As the fried chicken sandwich trend is still ongoing, it's not surprising the Curry Up Now would take a crack at this pinnacle of comfort food. The tandoori fried chicken sandwich ($10, pictured) is relatively new to the menu, and while I respect its bold flavors and buttery brioche bun, it's a bit lopsided flavor-wise. Points for the concept of pickled onions and pineapple jalapeño chutney, which are right at home on this sandwich; I just wish there was more of them to balance things out. The smoky spices in the chicken's beautifully textured exterior have a bold flavor, but without something else to even out the flavor palette, it comes across as one-note.
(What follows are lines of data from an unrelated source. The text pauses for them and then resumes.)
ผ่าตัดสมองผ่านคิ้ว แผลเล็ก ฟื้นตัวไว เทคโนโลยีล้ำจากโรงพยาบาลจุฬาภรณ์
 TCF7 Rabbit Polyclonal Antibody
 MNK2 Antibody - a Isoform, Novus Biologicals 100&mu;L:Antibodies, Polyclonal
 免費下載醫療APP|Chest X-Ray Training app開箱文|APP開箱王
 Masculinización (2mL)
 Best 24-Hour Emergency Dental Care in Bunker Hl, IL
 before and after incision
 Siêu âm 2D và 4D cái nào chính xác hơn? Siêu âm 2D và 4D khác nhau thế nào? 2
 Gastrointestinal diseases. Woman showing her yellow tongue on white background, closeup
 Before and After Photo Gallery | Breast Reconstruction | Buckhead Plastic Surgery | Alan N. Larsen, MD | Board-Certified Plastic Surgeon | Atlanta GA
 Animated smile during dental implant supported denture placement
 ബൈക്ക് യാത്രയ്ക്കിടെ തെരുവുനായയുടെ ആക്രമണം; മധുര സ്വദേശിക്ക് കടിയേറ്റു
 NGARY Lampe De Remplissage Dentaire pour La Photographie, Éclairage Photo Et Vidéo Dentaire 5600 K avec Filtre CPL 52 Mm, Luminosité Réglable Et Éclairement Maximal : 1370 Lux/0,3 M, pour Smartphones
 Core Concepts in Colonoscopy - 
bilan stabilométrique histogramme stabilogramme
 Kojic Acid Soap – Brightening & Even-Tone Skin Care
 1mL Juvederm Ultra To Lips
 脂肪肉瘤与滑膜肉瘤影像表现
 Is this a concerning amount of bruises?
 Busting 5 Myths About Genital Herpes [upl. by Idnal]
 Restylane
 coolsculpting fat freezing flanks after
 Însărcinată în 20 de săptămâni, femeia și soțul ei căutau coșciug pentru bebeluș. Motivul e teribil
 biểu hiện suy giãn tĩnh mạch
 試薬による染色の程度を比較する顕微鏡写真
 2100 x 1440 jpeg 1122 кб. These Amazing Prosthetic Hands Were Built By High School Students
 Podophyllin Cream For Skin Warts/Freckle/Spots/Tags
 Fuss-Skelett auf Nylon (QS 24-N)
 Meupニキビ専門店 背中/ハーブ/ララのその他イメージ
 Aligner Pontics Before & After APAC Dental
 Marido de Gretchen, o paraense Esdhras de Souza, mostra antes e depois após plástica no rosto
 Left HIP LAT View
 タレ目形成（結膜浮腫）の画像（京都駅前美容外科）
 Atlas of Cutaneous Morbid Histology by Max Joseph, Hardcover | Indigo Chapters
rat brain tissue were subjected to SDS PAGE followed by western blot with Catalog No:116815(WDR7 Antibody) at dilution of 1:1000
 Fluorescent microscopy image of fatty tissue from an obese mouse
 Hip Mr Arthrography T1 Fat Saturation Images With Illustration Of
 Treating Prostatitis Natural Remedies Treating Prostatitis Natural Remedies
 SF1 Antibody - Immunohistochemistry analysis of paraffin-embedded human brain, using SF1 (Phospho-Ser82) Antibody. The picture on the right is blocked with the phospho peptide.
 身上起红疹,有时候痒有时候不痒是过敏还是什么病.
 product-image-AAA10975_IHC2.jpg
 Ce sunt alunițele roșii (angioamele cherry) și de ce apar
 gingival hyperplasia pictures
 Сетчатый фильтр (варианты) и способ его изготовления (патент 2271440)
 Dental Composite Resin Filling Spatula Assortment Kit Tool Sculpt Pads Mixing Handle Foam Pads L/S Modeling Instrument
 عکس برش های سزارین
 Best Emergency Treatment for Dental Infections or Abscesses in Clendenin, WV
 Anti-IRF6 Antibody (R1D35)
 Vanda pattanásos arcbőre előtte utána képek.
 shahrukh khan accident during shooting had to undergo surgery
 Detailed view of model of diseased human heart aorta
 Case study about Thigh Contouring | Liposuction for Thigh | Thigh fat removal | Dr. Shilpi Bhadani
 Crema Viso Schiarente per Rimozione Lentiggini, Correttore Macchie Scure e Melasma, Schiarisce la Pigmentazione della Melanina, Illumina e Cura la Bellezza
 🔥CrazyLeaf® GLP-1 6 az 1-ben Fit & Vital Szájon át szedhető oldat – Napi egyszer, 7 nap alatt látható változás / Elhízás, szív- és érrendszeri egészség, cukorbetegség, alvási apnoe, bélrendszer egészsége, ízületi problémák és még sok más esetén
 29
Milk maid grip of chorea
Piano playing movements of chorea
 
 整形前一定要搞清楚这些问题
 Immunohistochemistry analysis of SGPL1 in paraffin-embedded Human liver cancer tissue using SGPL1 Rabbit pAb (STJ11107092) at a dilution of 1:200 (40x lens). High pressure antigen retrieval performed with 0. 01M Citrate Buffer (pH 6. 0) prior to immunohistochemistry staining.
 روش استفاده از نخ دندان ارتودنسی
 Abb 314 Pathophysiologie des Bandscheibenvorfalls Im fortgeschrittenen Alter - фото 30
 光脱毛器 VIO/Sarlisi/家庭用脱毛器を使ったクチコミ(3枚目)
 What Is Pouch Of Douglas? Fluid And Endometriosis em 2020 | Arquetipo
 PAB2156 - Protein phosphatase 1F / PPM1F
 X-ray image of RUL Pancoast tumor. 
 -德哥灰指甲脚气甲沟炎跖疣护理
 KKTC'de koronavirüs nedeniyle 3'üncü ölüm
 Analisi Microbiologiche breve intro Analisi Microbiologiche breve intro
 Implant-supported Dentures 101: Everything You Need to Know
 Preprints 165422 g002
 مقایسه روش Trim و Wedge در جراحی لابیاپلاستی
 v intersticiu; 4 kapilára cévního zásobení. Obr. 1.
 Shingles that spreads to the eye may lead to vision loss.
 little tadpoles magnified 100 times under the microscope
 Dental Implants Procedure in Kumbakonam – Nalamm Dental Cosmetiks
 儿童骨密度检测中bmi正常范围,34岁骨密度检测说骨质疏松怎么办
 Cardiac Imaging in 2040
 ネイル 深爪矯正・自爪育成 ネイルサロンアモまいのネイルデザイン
Of course, any good Indian joint would be remiss if they didn't pay homage to the country's amazing street food culture. Curry Up Now's vada pav ($8) evokes a kind of exploded pierogi with a mashed potato fritter sandwiched between a soft roll and served with garlic chutney. I'm also a bit of a sucker for their Itsy Bitsy Naan Bits ($8), but that's mostly because I find them adorable; little silver dollar-sized rounds of naan that come with a tikka masala dip will always be right up my alley. The monarch of Curry Up Now's street food menu, however, is the mighty deconstructed samosa ($11). It takes everything that makes a samosa one of the best snacks on the planet and doubles down by serving it up in a bowl with two bisected samosas for dipping. If you're the type of person who always feels a bit crestfallen once you've finished off your samosa appetizer, this is the dish for you.

While perhaps not all of Curry Up Now's creative ideas stick the landing, there is a lot to love about this local import. Not only is this a good place for that milquetoast diner in your squad to take a step beyond their culinary comfort zone, but its hip take on fusion cooking is always cranking out something interesting. You'll want to keep tabs on this place to see what they'll do next.